Opportunity Zones – Unique Investment Vehicle and Opportunity to Defer Capital Gains Tax

  • Jan 8, 2019

As part of the Tax Cuts & Jobs Act of 2017, the Act allowed for the creation of “opportunity zones” in certain designated low income census tracts. Kentucky has designated 144 zones in 84 counties, including Bowling Green and the surrounding counties. Individuals who invest in businesses or real estate through Qualified Opportunity Funds are eligible for federal tax benefits in the form of deferral of capital gains tax.

Unlike prior “like-kind exchange” rules, the Opportunity Zone (OZ)rules do not require that gain realized from the sale of real estate be invested back solely into real estate.  Gain recognized from the sale of the real estate can be invested into a qualified opportunity zone business.  Likewise, capital gains realized from the sale of stock, mutual funds or other business assets may be reinvested either into real estate in the OZ or into a qualified opportunity zone business..

The gain recognized from the sale of real estate or business assets which are reinvested into an OZ may be eligible for deferral; a stepped-up basis; or permanent exclusion.  Capital gains reinvested into an OZ are entitled to deferral until either the later of the sale of the OZ investment or until December 31, 2026.  The capital gains is also entitled to a 10% step-up in basis if held in the OZ investment for a minimum five years. If held for seven years, the investment is entitled to an additional 5% step up, allowing for the exclusion of up to 15% of the original gain from taxation.

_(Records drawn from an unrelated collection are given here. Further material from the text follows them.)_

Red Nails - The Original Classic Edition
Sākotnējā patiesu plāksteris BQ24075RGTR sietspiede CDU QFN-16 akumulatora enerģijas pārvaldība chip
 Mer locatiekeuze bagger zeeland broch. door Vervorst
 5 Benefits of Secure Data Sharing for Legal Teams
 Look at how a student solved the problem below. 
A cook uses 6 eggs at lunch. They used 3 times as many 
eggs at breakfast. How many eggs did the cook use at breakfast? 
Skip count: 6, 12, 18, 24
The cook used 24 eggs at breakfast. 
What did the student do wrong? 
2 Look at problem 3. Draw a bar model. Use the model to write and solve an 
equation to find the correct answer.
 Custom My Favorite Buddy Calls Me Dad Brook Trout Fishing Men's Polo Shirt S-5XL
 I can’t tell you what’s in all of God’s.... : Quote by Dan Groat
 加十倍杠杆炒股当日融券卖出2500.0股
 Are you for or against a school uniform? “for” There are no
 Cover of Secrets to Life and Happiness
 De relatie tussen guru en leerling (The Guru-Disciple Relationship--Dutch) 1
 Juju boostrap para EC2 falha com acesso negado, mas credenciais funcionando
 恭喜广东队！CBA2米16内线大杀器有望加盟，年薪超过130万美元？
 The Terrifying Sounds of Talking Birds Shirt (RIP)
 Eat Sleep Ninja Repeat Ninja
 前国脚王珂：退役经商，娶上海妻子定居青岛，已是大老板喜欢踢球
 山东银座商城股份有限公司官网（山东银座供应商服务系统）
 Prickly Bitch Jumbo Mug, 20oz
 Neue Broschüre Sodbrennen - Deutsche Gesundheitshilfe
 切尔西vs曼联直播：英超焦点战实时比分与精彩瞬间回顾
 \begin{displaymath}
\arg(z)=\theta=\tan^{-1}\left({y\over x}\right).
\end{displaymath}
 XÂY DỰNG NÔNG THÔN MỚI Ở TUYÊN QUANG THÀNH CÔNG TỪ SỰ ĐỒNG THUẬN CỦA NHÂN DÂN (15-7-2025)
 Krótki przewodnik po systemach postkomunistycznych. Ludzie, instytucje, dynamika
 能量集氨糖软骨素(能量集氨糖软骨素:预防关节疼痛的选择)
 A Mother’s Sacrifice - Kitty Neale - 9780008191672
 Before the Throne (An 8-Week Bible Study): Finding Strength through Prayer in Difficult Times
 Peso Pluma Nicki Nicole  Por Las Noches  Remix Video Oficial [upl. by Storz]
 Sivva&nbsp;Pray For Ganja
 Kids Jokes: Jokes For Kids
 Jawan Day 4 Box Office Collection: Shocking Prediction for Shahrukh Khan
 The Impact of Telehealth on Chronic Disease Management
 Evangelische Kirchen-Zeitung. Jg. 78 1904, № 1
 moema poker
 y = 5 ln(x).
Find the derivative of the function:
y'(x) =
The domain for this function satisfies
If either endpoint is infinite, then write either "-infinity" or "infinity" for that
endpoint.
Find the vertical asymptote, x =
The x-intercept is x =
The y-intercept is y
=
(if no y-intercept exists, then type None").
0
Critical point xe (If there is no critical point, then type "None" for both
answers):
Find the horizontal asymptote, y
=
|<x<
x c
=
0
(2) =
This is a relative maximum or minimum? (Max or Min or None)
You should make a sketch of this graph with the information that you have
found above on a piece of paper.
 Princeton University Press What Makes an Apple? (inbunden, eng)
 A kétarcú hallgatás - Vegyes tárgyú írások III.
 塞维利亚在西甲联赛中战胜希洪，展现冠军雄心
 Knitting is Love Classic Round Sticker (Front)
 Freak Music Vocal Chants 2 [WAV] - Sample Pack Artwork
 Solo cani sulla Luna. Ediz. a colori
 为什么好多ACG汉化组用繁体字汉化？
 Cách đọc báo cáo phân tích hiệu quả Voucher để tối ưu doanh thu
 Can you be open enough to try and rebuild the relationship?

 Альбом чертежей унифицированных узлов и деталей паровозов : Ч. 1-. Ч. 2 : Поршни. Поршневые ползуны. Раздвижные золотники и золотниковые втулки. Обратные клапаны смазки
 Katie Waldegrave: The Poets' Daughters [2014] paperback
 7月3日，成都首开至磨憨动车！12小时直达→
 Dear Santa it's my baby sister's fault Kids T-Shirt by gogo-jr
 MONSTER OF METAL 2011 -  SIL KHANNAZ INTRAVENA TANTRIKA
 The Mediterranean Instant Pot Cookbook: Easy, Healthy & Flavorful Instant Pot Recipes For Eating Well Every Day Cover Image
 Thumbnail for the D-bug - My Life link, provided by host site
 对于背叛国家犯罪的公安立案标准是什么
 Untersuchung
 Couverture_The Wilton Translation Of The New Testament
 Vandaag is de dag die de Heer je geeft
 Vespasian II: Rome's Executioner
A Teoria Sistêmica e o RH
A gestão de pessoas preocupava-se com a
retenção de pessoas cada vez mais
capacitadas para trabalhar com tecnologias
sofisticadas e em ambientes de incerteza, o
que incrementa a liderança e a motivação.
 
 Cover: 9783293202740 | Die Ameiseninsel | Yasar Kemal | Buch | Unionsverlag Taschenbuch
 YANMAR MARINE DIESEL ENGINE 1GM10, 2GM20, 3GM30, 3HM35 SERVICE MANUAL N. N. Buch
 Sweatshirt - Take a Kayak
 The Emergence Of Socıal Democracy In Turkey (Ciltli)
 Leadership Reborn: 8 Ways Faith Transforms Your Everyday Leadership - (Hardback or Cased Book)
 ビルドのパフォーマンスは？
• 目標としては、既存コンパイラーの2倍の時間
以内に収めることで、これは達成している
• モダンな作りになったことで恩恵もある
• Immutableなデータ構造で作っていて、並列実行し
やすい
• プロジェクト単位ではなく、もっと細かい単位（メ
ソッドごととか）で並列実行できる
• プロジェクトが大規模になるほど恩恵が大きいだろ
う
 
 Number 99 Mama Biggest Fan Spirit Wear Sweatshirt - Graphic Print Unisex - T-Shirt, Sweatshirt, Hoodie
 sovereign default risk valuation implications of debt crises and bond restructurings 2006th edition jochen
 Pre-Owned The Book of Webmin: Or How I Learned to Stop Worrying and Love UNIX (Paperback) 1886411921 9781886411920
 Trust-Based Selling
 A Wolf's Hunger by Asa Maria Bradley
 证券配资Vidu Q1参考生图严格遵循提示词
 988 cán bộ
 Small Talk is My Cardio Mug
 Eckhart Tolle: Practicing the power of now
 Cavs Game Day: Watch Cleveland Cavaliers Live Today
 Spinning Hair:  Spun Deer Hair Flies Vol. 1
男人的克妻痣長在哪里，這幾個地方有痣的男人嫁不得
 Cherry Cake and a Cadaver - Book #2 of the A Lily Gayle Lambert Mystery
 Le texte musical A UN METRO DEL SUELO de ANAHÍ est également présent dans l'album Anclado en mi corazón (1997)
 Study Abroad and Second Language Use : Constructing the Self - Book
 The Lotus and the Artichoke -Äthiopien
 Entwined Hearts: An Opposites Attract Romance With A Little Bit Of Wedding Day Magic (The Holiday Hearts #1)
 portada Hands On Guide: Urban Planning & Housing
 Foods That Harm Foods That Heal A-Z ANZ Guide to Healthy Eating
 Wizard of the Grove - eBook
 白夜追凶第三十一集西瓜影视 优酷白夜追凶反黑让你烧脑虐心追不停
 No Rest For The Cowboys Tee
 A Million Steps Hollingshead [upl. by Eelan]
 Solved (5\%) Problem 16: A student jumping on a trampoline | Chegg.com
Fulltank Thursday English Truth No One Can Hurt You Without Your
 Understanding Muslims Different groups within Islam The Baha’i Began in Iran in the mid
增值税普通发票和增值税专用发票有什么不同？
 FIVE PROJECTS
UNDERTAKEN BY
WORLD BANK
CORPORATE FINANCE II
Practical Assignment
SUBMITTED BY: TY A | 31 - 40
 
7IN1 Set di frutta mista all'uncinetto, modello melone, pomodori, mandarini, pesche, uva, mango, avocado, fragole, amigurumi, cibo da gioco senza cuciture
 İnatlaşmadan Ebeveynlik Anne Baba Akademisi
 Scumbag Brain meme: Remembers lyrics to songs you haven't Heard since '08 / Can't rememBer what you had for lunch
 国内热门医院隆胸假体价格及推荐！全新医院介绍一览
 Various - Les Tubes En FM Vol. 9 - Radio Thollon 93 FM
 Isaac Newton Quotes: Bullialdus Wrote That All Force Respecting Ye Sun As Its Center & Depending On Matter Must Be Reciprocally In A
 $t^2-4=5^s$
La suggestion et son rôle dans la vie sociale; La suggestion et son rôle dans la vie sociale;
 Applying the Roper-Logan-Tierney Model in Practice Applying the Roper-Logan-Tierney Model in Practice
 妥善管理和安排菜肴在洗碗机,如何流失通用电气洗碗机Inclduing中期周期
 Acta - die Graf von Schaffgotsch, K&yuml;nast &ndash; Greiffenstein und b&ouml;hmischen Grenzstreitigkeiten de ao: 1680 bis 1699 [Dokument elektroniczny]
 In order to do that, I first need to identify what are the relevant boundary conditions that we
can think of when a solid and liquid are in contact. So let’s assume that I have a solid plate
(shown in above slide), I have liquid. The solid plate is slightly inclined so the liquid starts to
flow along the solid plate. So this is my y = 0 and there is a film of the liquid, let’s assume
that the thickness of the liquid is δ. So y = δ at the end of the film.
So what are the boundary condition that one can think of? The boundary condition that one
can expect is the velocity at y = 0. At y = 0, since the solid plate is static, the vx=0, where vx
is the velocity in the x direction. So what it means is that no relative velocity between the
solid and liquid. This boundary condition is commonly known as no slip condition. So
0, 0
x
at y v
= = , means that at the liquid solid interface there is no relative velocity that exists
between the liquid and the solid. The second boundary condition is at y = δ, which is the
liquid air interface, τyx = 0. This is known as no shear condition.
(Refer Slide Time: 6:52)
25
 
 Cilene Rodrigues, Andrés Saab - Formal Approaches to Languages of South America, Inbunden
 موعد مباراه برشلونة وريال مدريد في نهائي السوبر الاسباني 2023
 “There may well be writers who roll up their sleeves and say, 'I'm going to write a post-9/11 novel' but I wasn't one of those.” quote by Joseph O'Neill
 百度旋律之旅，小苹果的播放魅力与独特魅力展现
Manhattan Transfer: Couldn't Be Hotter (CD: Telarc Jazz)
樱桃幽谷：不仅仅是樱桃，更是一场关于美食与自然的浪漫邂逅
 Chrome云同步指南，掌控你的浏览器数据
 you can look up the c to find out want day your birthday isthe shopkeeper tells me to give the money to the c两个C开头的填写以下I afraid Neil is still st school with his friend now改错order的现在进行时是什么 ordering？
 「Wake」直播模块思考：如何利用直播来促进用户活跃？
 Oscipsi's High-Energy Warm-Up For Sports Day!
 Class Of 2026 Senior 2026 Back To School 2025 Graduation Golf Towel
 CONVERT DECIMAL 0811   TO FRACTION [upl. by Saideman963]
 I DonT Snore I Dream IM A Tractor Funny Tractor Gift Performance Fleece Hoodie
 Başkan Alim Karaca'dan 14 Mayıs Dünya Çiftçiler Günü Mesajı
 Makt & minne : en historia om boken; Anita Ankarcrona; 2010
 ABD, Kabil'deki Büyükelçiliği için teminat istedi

Capital gains on the OZ investment is entitled to permanent exclusion from taxation if held for at least 10 years. (This applies to the gain on the OZ investment, not the original gain).

In order to qualify for the deferral, the capital gains must be reinvested into a qualified opportunity fund within 180 days.  This fund is not necessarily a mutual fund, but can be in the form of a corporation, a limited liability company or a partnership.

The proposed regulations contain specific requirements for the qualification of a corporation, LLC or partnership as a Qualified Opportunity Fund and also specific requirements as to the qualification of the business assets in order to preserve the qualification of the business or the real estate.  While qualification is self-certified under the regulations, an investor should consult with their attorney and/or accountant before making such an investment to assure compliance.